The data below:

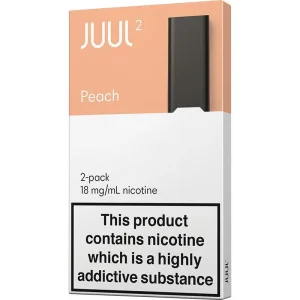 Peach JUUL2 pods 2 pack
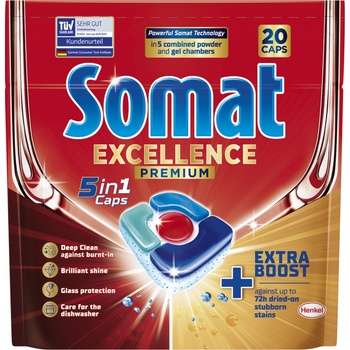 Somat Excellence 4v1 tablety do myčky 20 ks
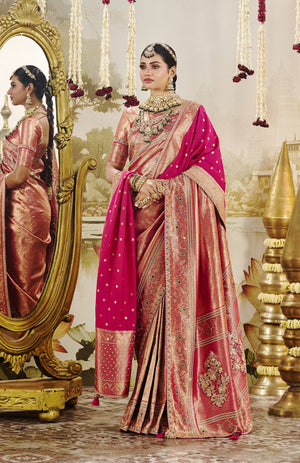 Navlakha Majesty Art Silk Saree For Festive Wear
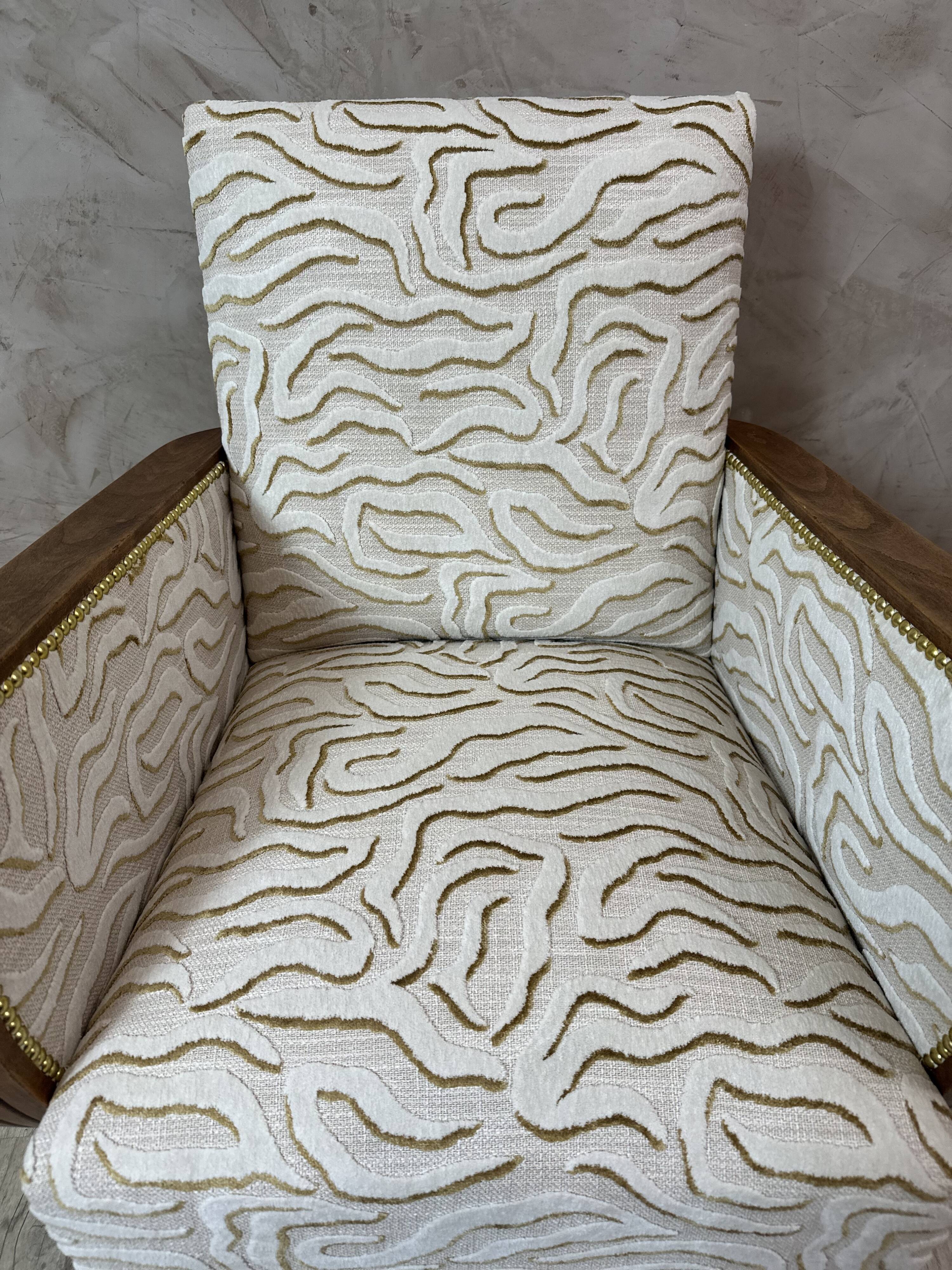 Art Deco armchair restored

End of The data.

== Exercise directions ==
Print the material above word for word, and keep the pictures out of it.

== Response to this exercise ==
 Peach JUUL2 pods 2 pack
 Somat Excellence 4v1 tablety do myčky 20 ks
 Navlakha Majesty Art Silk Saree For Festive Wear
 Art Deco armchair restored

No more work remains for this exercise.